Sie gingen Richtung Treppenhaus.
»Wenn diese Katastrophe vorbei ist, erzähle ich …«
»Nein, nein«, sagte sie. »Jetzt.«
Sie blieben stehen.
»Also gut.« Almenbroichs Stimme und sein Blick waren streng und entschlossen. So kannte, fürchtete, bewunderte sie ihn. So brauchte sie ihn. »Mir ist gleichgültig, was in Ihrer Akte steht. Sie hatten eine Krise, Sie haben sie überwunden. Sie haben gezeigt, dass Sie stark sind, stärker als die meisten von uns. Aber wenn ich irgendwann mal nicht mehr hier bin, zählt meine Ansicht nicht mehr. Dann sind Sie …«
»Ich glaube, ich will das nicht hören«, sagte sie erschrocken.

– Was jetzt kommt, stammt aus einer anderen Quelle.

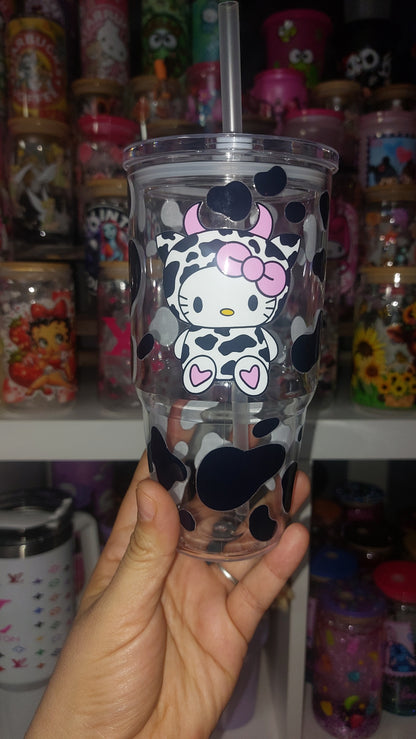 Cow kitty 20oz Plastic tumbler with handle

»… dann sind Sie das, was in Ihrer Akte steht. Eine schwierige, aufbrausende, intelligente, sehr anstrengende Kollegin mit einem Alkoholproblem. Eine Alkoholikerin. Und so wird man Sie dann inoffiziell auch behandeln, egal, ob Sie jemals wieder trinken werden oder nicht. Sie werden nicht mehr befördert, Sie werden niemals eine Soko leiten, Sie werden immer wieder, wie in der Sitzung vorgestern, mit Ihrer Geschichte konfrontiert werden«.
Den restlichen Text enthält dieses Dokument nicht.